Wild bird farmers and keepers of birds have been encouraged to prepare for the winter threat of Avian Influenza
March 27 Nov 2018
Chief Veterinary Officers across the UK encourage all poultry keepers to act at present to reduce the risk of winter disease
Since June 2017, there have been no defects of bird flu in poultry or birds kept in the UK and the UK has retained its OIE liberty status since September 2017.
There are some simple measures that every bird keeper, who runs a large commercial farm, keeps a few birds in their back garden or raises game birds, takes them to protect their animals against the threat of bird flu during the winter months. These include:
- Keep the area where birds live clean and tidy, control rats and mice and regularly disinfect any hard surfaces. Clean shoes before and after visits.
- Place bird food and fish in fully enclosed areas protected from wild birds, and remove any feeding after regular loss.
- Place a fence around outdoor areas where birds are allowed and limit their access to ponds or areas visited by wildfowl.
- Where possible avoid avoiding ducks and geese with other poultry species.
- For poultry keepers in England, Wales and Scotland, join the free APHA service to receive text or email alerts to any UK avian influenza. In Northern Ireland, all bird keepers are encouraged to subscribe to a free text warning service by writing BIRDS & # 39; i 67300.
These measures are particularly important if you are close to one of the Great Britain High Risk Areas. You can check if you are in an Advanced Risk Area using our interactive maps.
A joint statement by each of the four Chief Veterinary Officer in the UK today said:
"Avian flu continues to circulate in many parts of the world and, with the cooler months, the risk of diseases of migrant birds is increasing. It is essential that all poultry keeper, including birds game and pet birds, now operate to reduce the risk of transferring avian flu to herds.
"Good biosecurity should always be maintained, including cleaning and disinfection and the area where you regularly keep birds and separate them from wild birds wherever possible.
"Keepers should also ensure that they register on the Great Britain Poultry Register and we are pleased that new forms are now in place to streamline this process. Keepers in Northern Ireland must register their birds on the DAERA Bird Register. now be completed and to submit online. "
All bird Rangers throughout Britain should also register their seeds on the Great Britain Poultry Register (GBPR). If you have 50 or more birds, this is a legal requirement, although keepers with fewer than 50 birds are also encouraged to register. Newer streamlined and easy-to-use forms will accelerate the process this year.
In Northern Ireland, there is a legal requirement for all bird keepers to register each bird on the DAERA Bird Register, except for pet birds kept at the owner's home.
Registration of birds means that the government can contact you in the case of cases and provide information on the steps taken to limit the chances of your birds receiving the disease.
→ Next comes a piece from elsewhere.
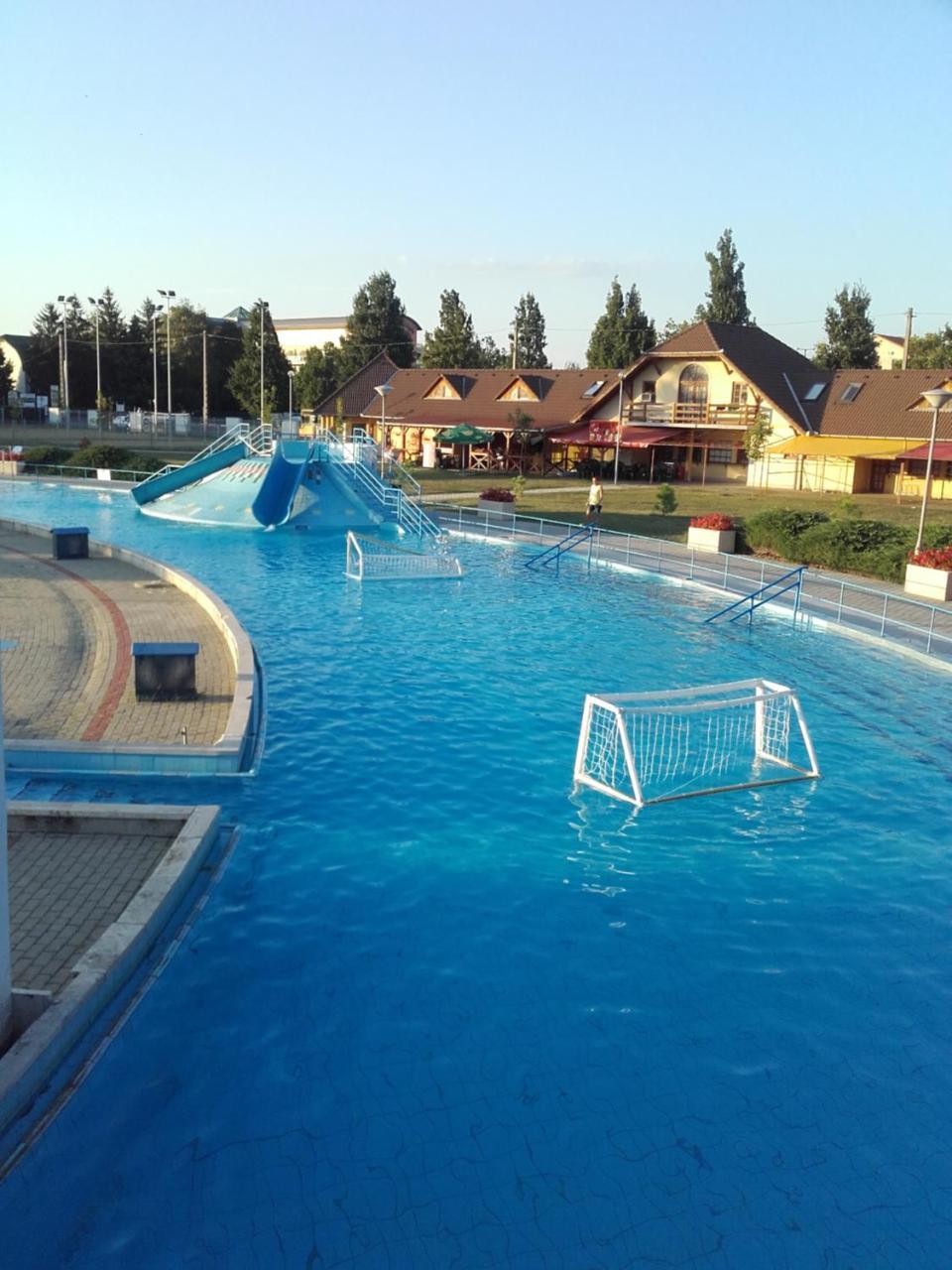Menta Apartman Mezőkövesd Εξωτερικό φωτογραφία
Last winter, HPAI HPAI stress from bird flu was only found in wild birds and there were no cases of domestic birds, either in commercial or small holdings. Although there have been no findings in the UK since June 2018, the virus continues to circulate in wild birds in North Europe (including Denmark and Germany) and has caused cases in poultry. In addition, the HPAN H5N8 virus continues to circulate in Eastern Europe, highlighting the need to keep it vigilant.
The Government continues to monitor bird flu deficiency and works with poultry bird and game industries; re-occupation of old and pure and traditional poultry breeds to help prevent attacks.
You can visit the Avian Influenza page by clicking here.